2. Conditions de vie en Géorgie : La cour a considéré que les enfants de Mme C, bien qu'ils souffrent d'asthme, pouvaient bénéficier d'un suivi médical approprié en Géorgie. De plus, la situation de l'époux, bien qu'il ait des problèmes de santé, ne justifiait pas une exception à l'obligation de quitter le territoire.
3. Menace pour l'ordre public : La cour a souligné que la présence de M. B en France, compte tenu de ses antécédents judiciaires, constituait une menace pour l'ordre public, ce qui a été pris en compte dans la décision de ne pas délivrer un titre de séjour.
4. Absence d'erreur manifeste d'appréciation : La cour a conclu que l'arrêté préfectoral n'était pas entaché d'erreur manifeste d'appréciation et qu'il n'y avait pas de violation des droits garantis par les conventions internationales.
Interprétations et citations légales
1. Code de l'entrée et du séjour des étrangers et du droit d'asile - Article L. 412-5 : Cet article stipule que la délivrance d'un titre de séjour peut être refusée si la présence de l'étranger constitue une menace pour l'ordre public. La cour a appliqué cet article pour justifier le refus de titre de séjour à M. B, en raison de ses antécédents criminels.
2. Convention internationale relative aux droits de l'enfant - Article 3-1 : La cour a examiné si l'arrêté violait les droits des enfants de Mme C. Elle a conclu que les enfants pouvaient retourner en Géorgie et y poursuivre leur scolarité, ce qui ne constituait pas une violation de leurs droits.
3. Convention européenne de sauvegarde des droits de l'homme et des libertés fondamentales - Article 8 : Cet article protège le droit au respect de la vie privée et familiale.

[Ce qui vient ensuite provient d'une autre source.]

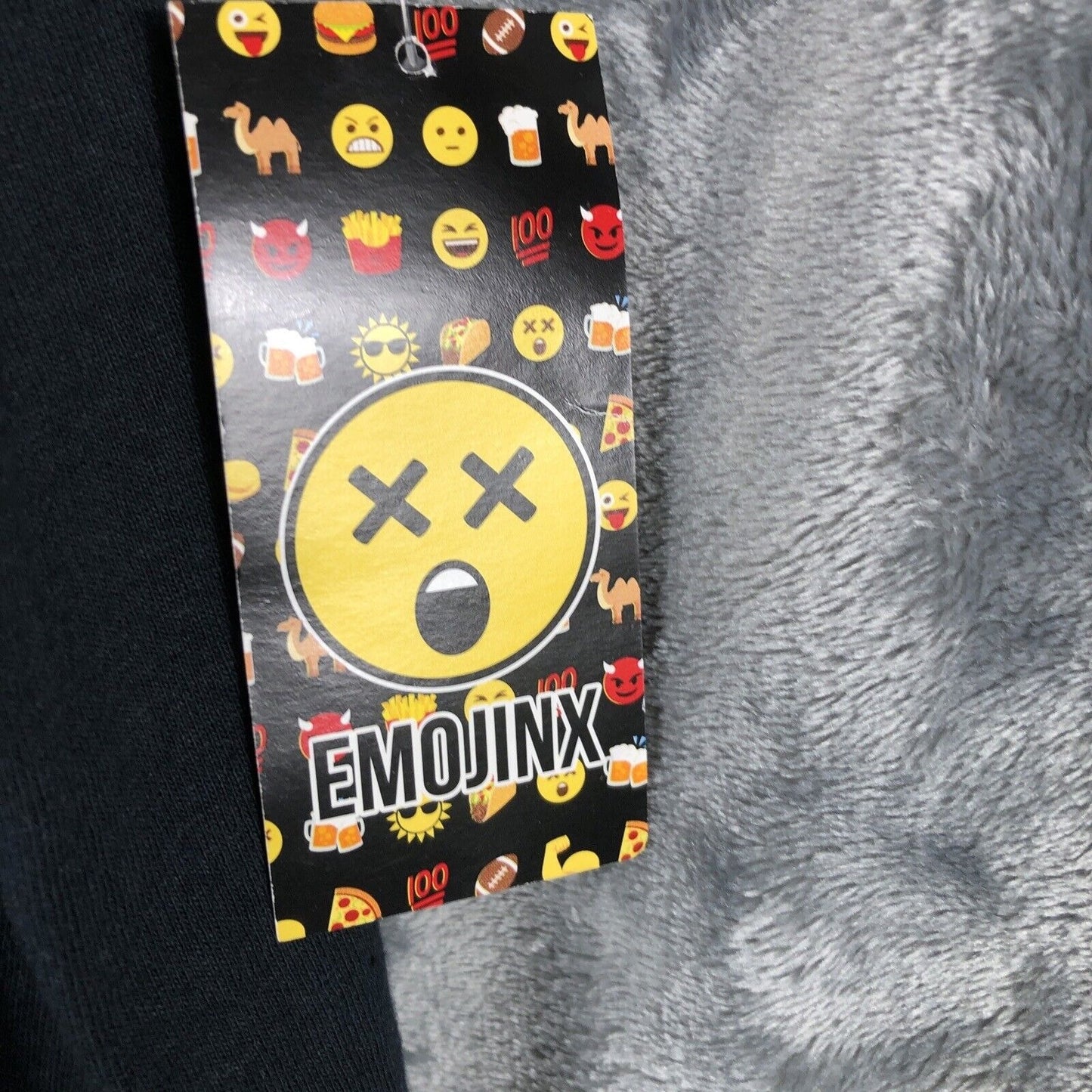 Emojinx Top Womans Shirt Size L Tank Top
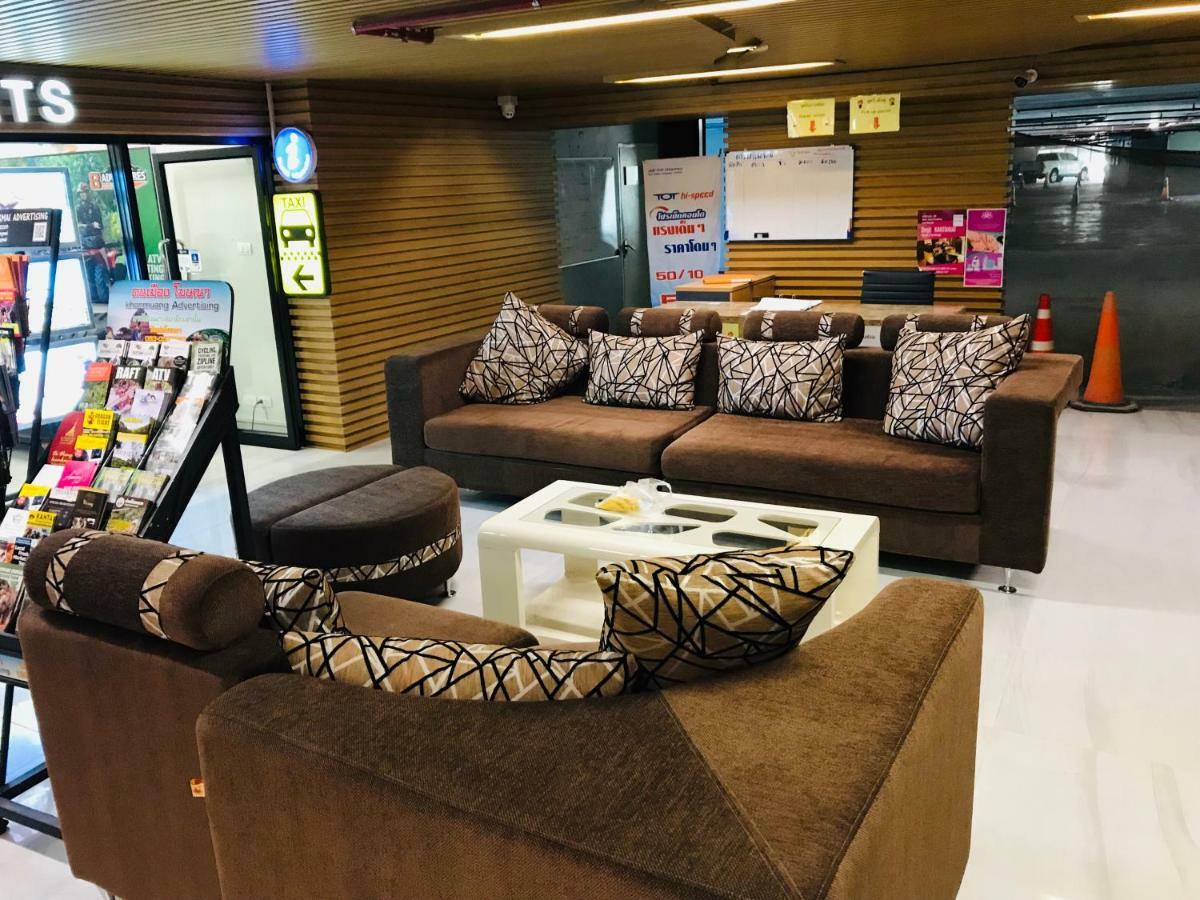 צ'יאנג מאי Astra Suites Central מראה חיצוני תמונה
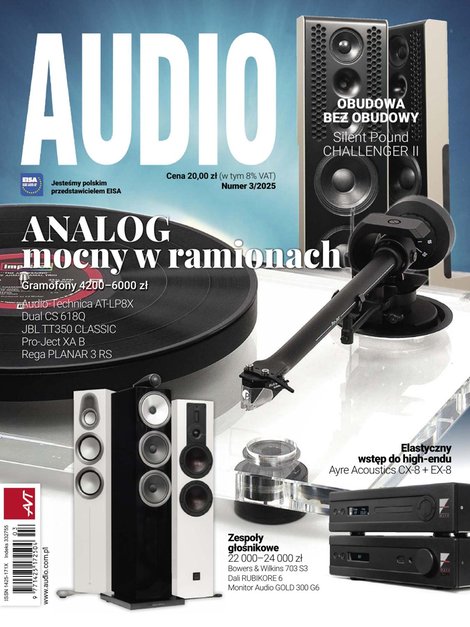 e-prasa: Audio &ndash; e-wydanie &ndash; 3/2025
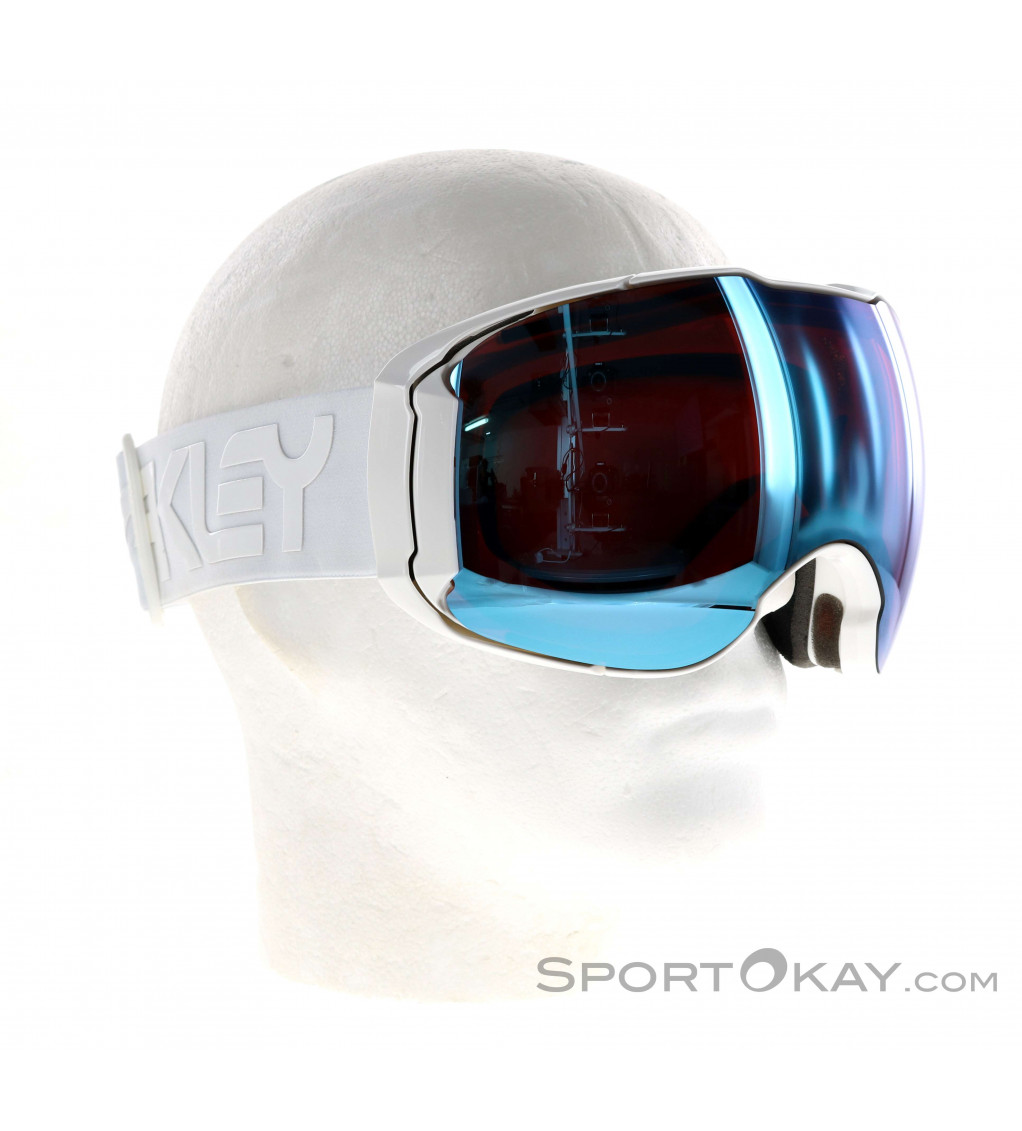 oakley ski goggles interchangeable lenses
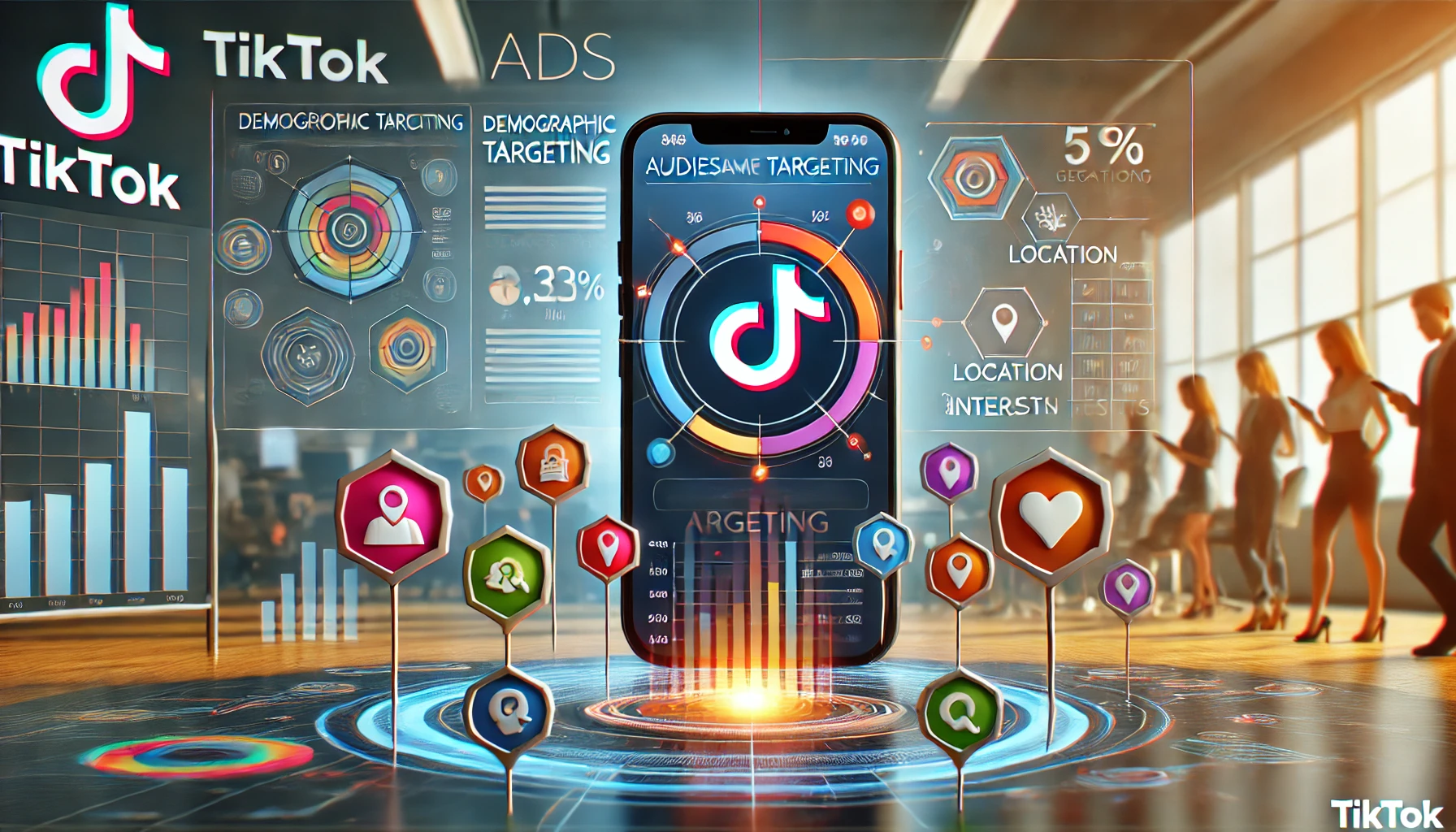 TikTok Ads Audience Targeting - How to Reach Your Ideal Audienc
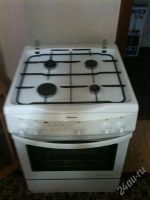 Лот: 2499583. Фото: 2. Газовая плита. Крупная бытовая техника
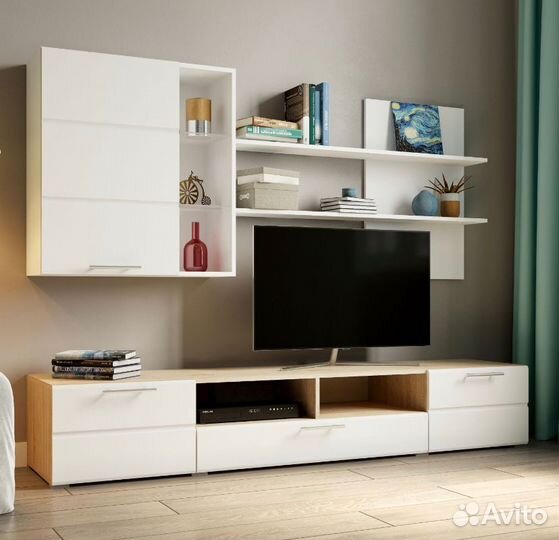 Стенка в гостиную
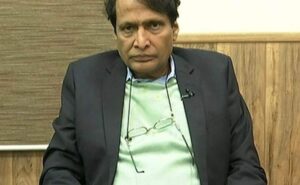 इंफ्रास्ट्रक्चर डेवलपमेंट के लिए लॉजिस्टिक्स में सुधार जरूरी, मोदी सरकार कर रही अच्छा काम सुरेश प्रभु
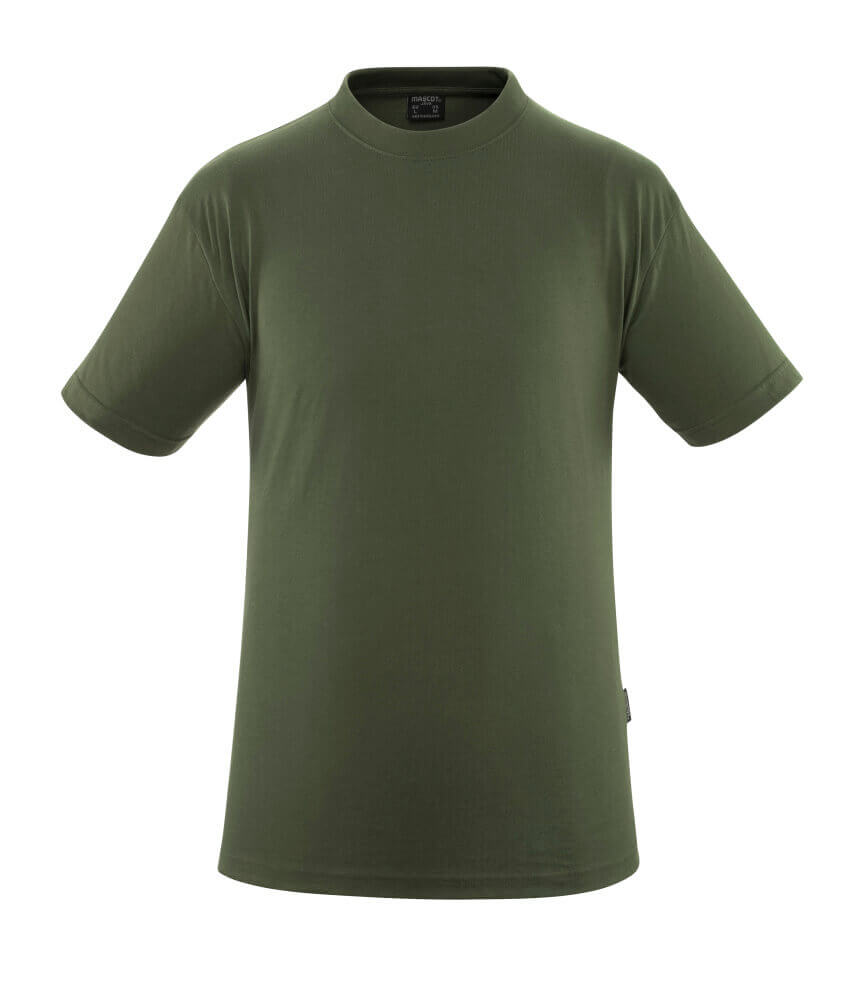 MASCOT® Java – Camiseta - verde musgo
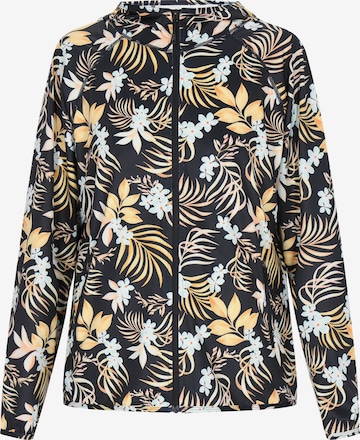 melns SANIKA Starpsezonu jaka 'Comfortable': no priekšpuses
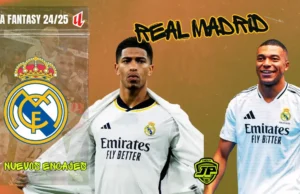 Real Madrid guía fantasy LaLiga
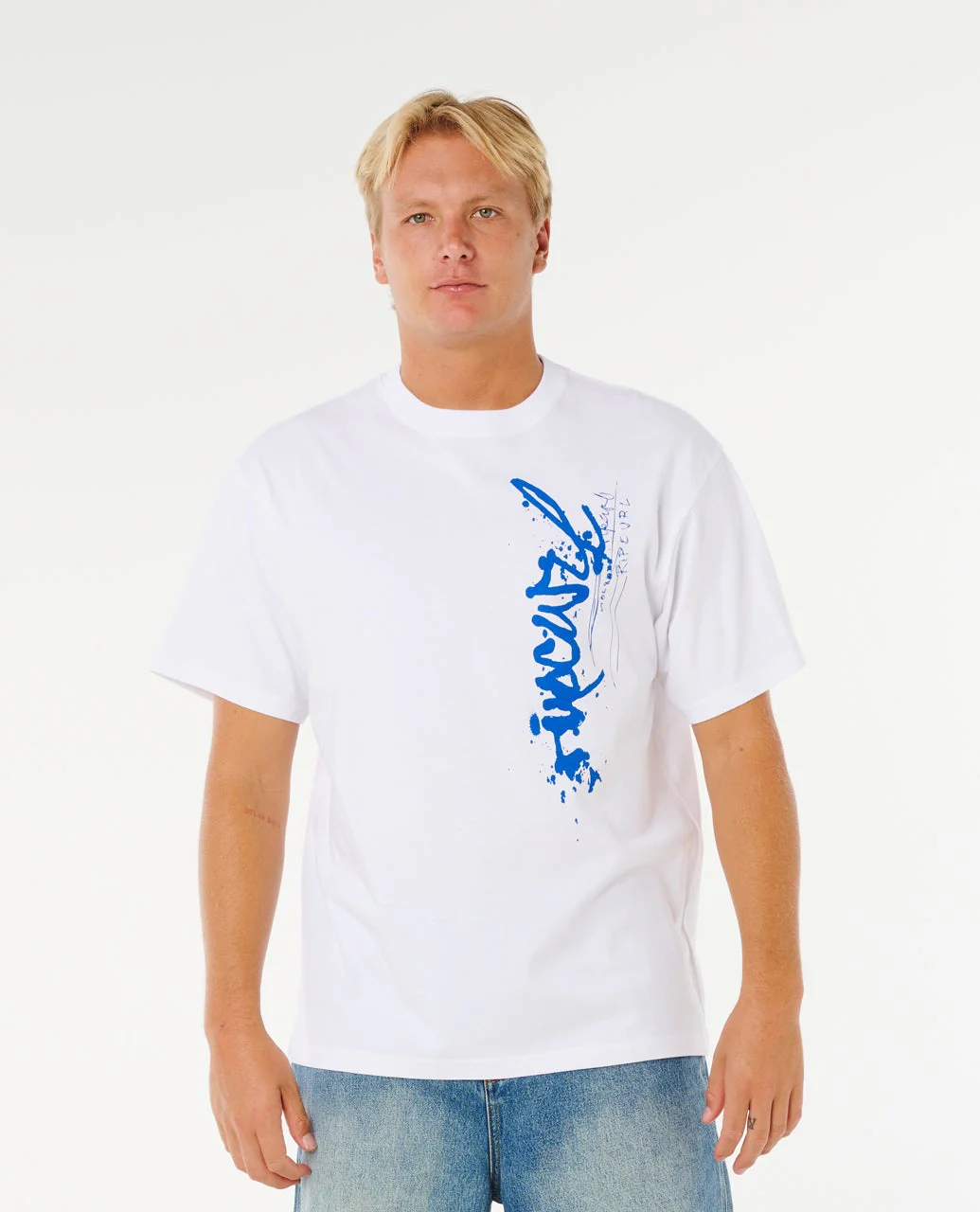 Inner Visions Loose Tee - Image 5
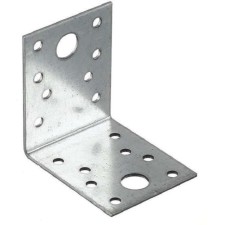 Уголок крепежный KU 70x70x55, 100 шт.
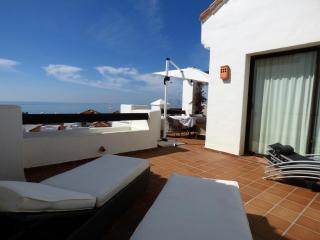 Exquisito penthouse con vista al mar - San Roque - 5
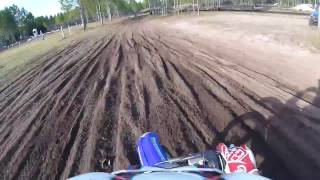 SSVMX series Round 6 Bostwick MX 0200 class Moto 2 [upl. by Akinohs785]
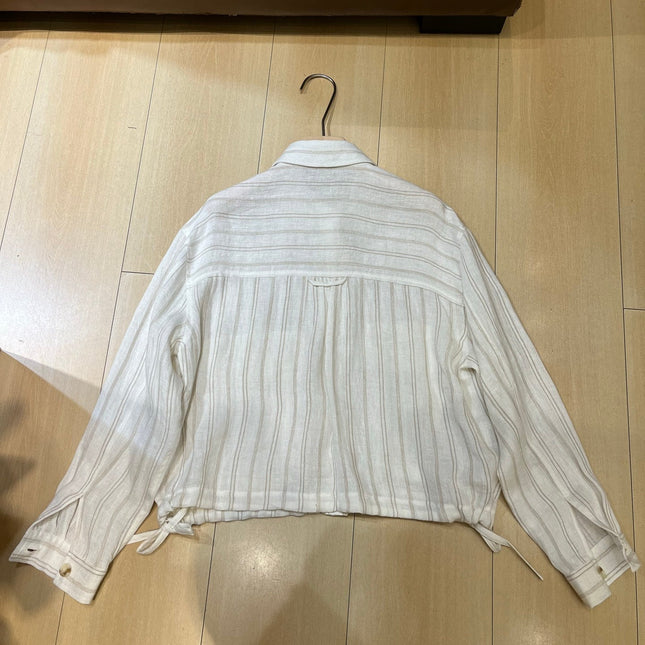 LORO PIANA 26S SHIRT JACKET 833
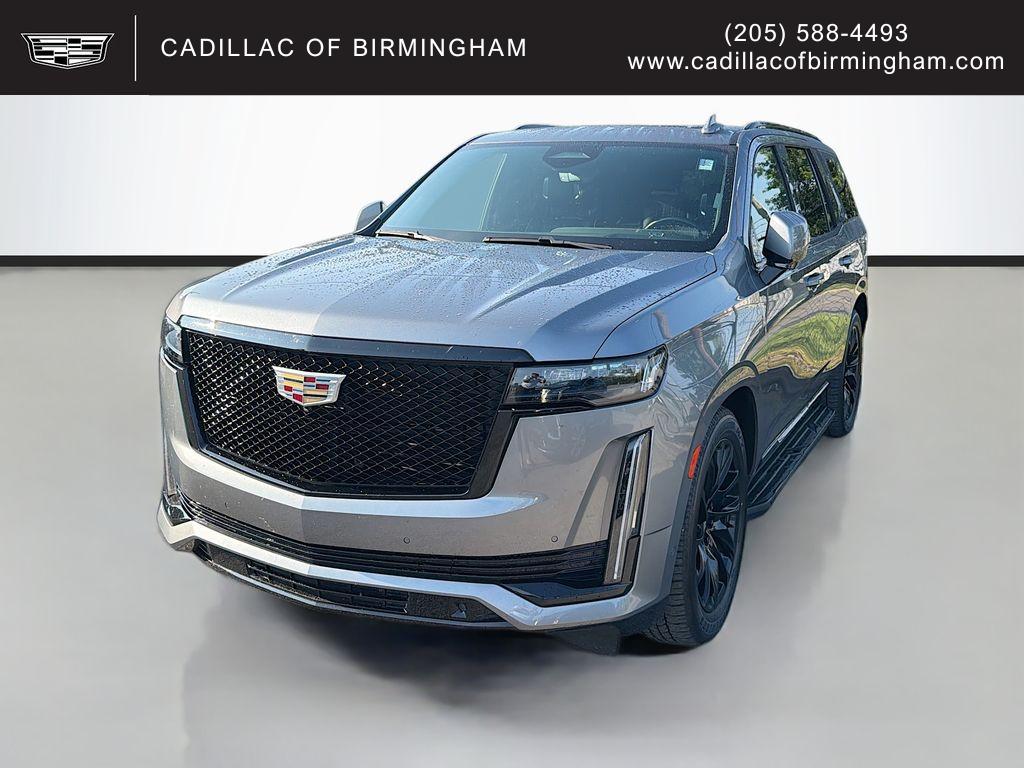 2021 Cadillac Escalade 4WD Sport Platinum's photo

La cour a jugé que l'arrêté n'avait pas porté une atteinte disproportionnée à ce droit, en tenant compte des circonstances de la situation familiale et des conditions de vie en Géorgie.
En somme, la décision de la cour repose sur une évaluation rigoureuse des faits et des droits en jeu, en appliquant les normes juridiques pertinentes pour justifier le rejet de la requête de Mme C.